_Exercise directions_
How many lines in the listing below contain the string "Sleeve"? Say only the number.

*** Records for this task ***

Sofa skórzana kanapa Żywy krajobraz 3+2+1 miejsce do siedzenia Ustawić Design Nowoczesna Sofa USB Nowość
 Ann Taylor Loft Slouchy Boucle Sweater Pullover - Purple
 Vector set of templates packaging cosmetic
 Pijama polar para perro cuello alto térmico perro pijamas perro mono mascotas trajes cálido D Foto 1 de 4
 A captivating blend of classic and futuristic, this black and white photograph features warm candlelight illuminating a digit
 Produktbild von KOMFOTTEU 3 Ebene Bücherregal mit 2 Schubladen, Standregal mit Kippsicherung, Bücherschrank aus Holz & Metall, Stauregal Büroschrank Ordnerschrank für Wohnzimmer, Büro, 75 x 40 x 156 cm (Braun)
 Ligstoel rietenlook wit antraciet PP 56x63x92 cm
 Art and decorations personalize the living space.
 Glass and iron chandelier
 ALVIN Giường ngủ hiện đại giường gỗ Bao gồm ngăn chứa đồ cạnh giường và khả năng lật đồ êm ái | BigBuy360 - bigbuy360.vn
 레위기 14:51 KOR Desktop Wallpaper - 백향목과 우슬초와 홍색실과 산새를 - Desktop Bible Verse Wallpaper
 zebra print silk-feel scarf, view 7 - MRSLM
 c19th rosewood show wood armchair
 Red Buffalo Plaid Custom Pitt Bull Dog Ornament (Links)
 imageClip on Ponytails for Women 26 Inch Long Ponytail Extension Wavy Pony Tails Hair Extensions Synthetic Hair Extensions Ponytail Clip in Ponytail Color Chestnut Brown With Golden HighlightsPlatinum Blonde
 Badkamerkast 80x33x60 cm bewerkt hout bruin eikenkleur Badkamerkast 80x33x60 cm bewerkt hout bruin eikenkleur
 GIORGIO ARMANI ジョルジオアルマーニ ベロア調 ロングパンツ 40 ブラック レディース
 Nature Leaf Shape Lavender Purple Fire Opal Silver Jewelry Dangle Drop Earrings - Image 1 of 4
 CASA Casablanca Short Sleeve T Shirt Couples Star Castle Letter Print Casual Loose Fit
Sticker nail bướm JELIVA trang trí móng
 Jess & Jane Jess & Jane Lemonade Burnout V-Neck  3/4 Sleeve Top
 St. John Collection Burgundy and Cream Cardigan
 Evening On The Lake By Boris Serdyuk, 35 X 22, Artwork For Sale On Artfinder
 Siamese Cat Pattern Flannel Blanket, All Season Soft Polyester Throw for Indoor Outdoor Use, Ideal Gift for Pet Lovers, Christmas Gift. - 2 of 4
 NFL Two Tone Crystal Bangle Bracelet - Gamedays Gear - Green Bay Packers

*** End of Records for this task ***

_Result of the task_
2